[[ Data shown open ]]

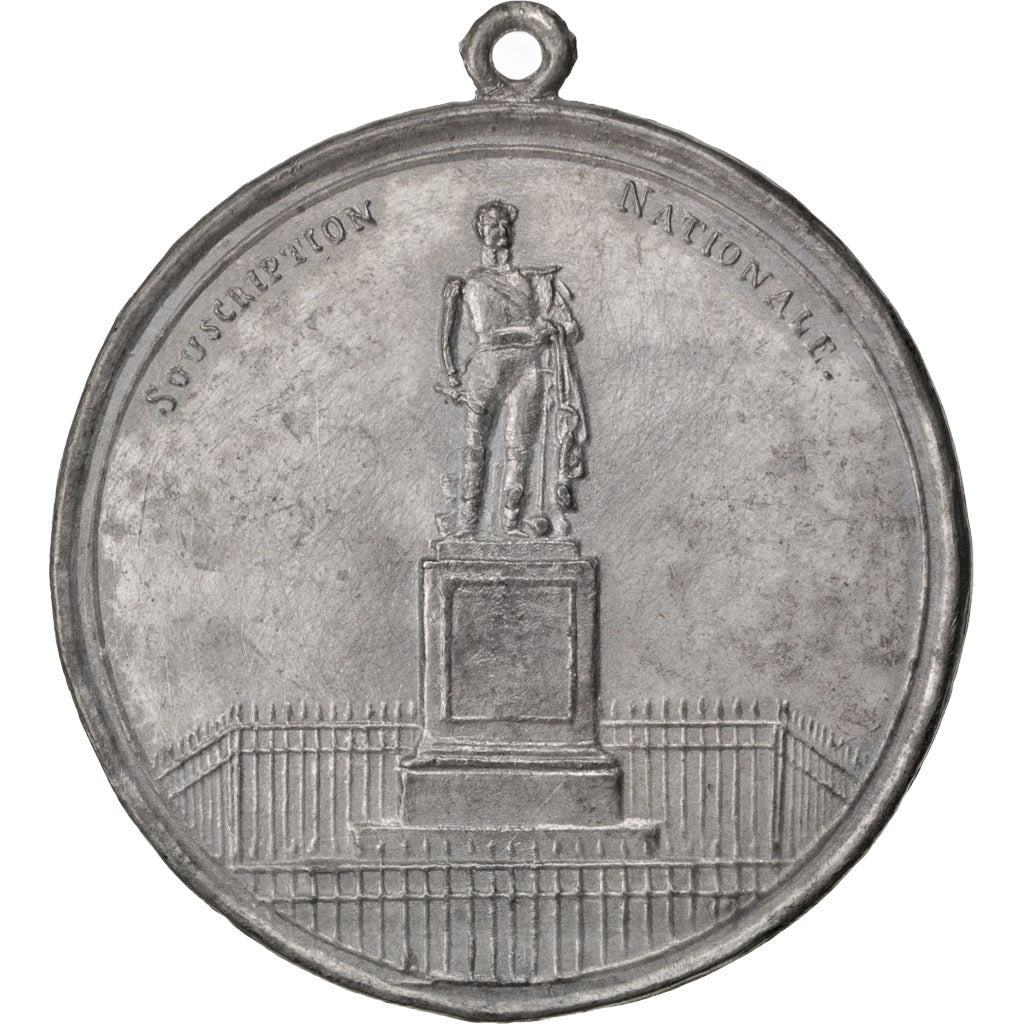France, Médaille, French Second Republic, 1849, Etain, TTB+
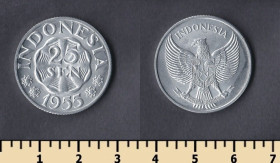 Індонезія Индонезия ^/--/^ Индонезия 25 сен 1955 ^_^^^ Індонезія 25 сен 1955 - фото фото фото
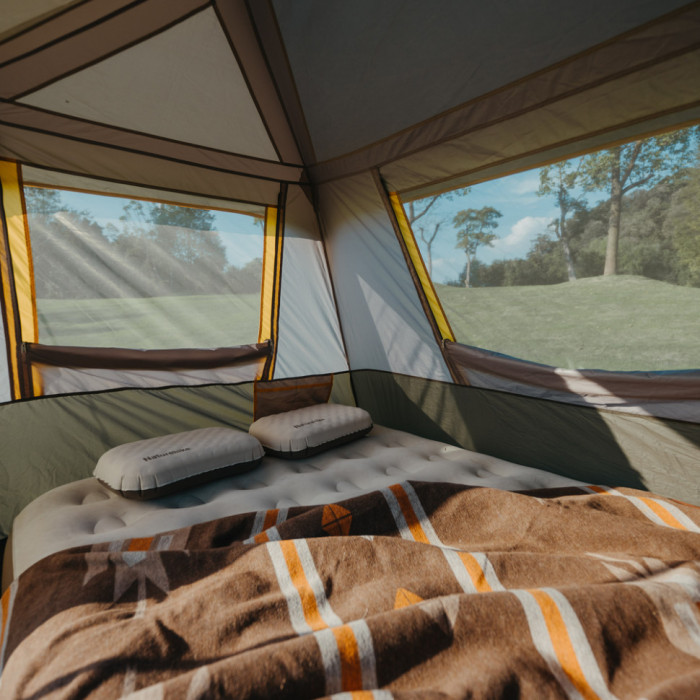 Чотиримісний намет Naturehike Cape Series 5.2 сіро-коричневий CNK2450WS037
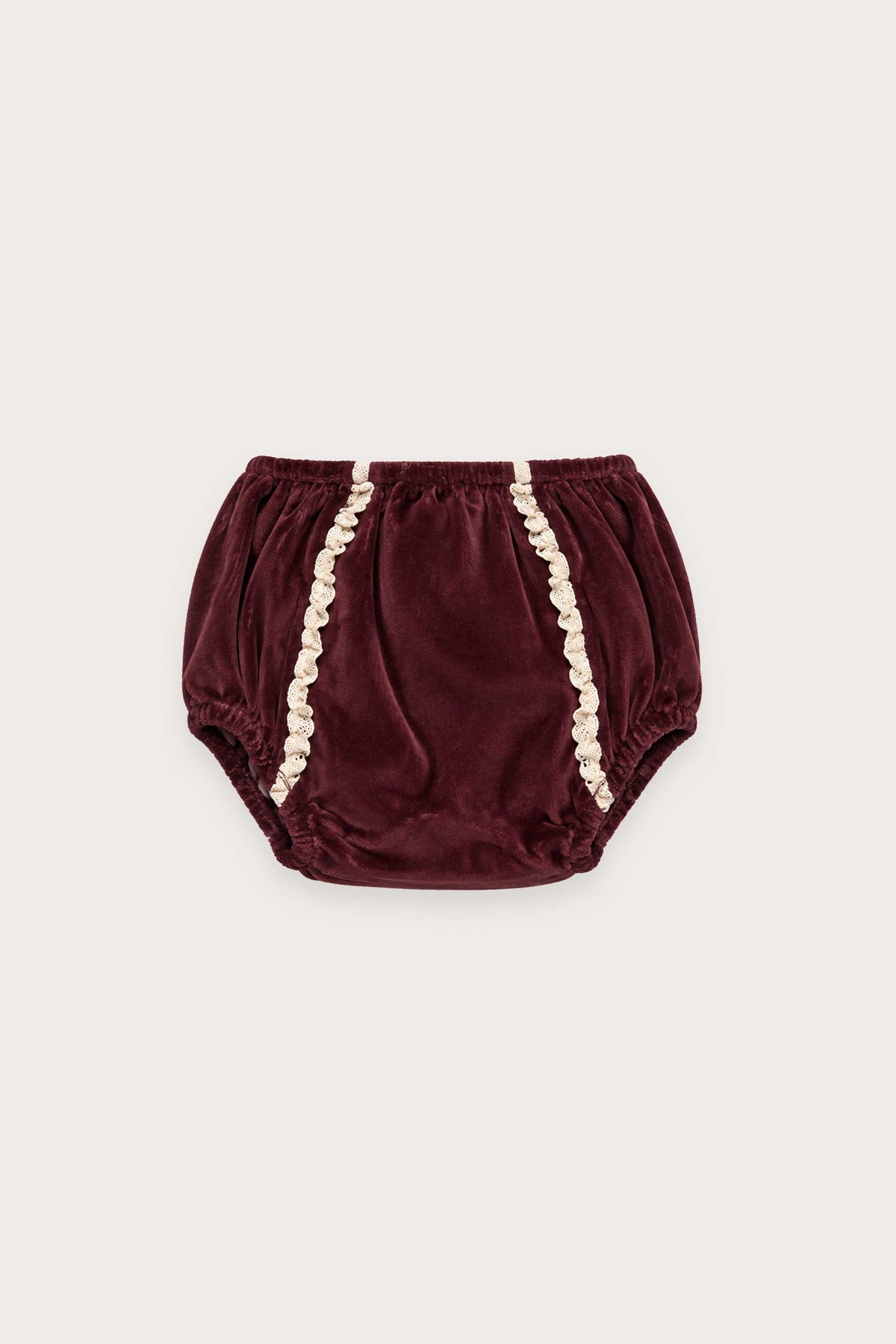 CULOTTE VELVET BEBÉ TRUFFLE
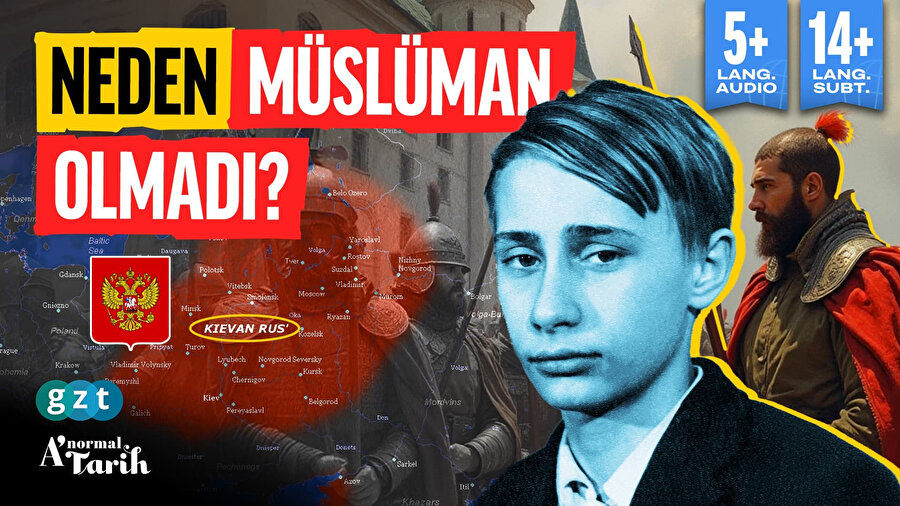 RUSLAR NEDEN MÜSLÜMAN OLMADI?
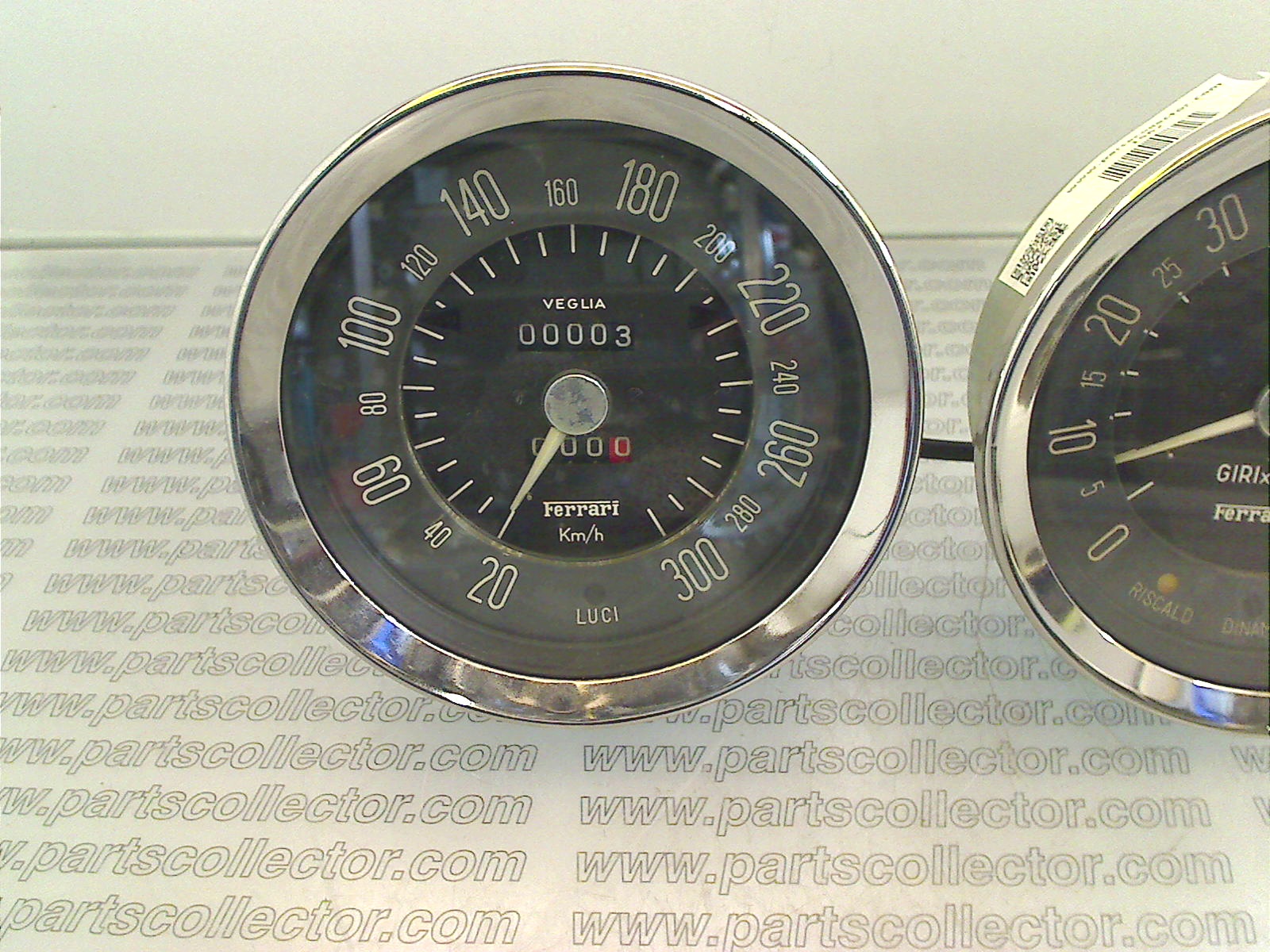 VEGLIA  Electrical system code 1567 compatible with: FERRARI 250 - additional view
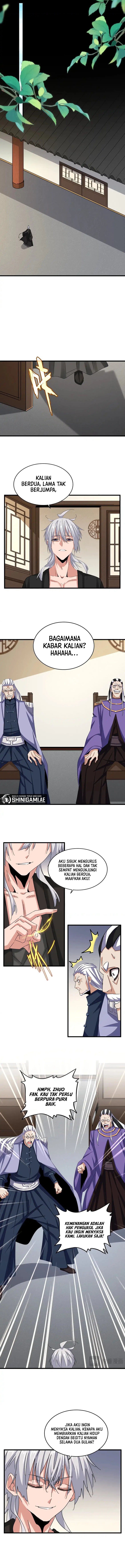 Magic Emperor Chapter 536 Halaman 7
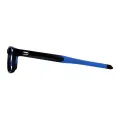 Anthony - Rectangle Black/Deep Blue Glasses for Men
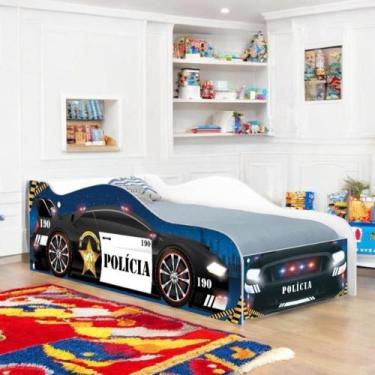 Imagem de Cama Infantil Para Menina Menino Com Proteção e com Colchão - CasaH, P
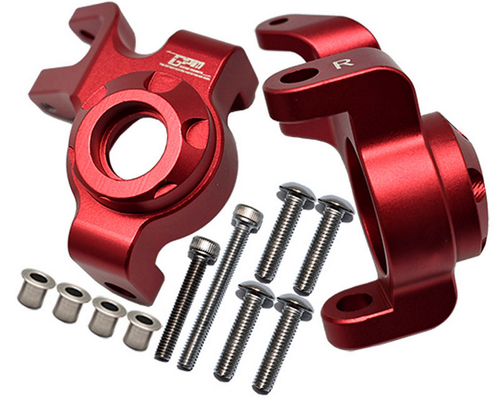 RC 1:6 Aluminum Front Knuckle Arms for Axial SCX6 Jeep JLU Wrangler 4WD New - Picture 3 of 17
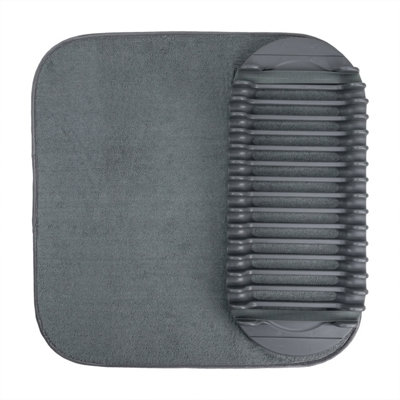 Jvl Sesha Dish Drying Mat With Rack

[[ Data shown closed ]]

[How to complete this task]:
Print the records exactly, every one. Leave out the pictures.

[Answer section]:
France, Médaille, French Second Republic, 1849, Etain, TTB+
 Індонезія Индонезия ^/--/^ Индонезия 25 сен 1955 ^_^^^ Індонезія 25 сен 1955 - фото фото фото
 Чотиримісний намет Naturehike Cape Series 5.2 сіро-коричневий CNK2450WS037
 CULOTTE VELVET BEBÉ TRUFFLE
 RUSLAR NEDEN MÜSLÜMAN OLMADI?
 VEGLIA  Electrical system code 1567 compatible with: FERRARI 250 - additional view
 Magic Emperor Chapter 536 Halaman 7
 Anthony - Rectangle Black/Deep Blue Glasses for Men
 Imagem de Cama Infantil Para Menina Menino Com Proteção e com Colchão - CasaH, P
 RC 1:6 Aluminum Front Knuckle Arms for Axial SCX6 Jeep JLU Wrangler 4WD New - Picture 3 of 17
 Jvl Sesha Dish Drying Mat With Rack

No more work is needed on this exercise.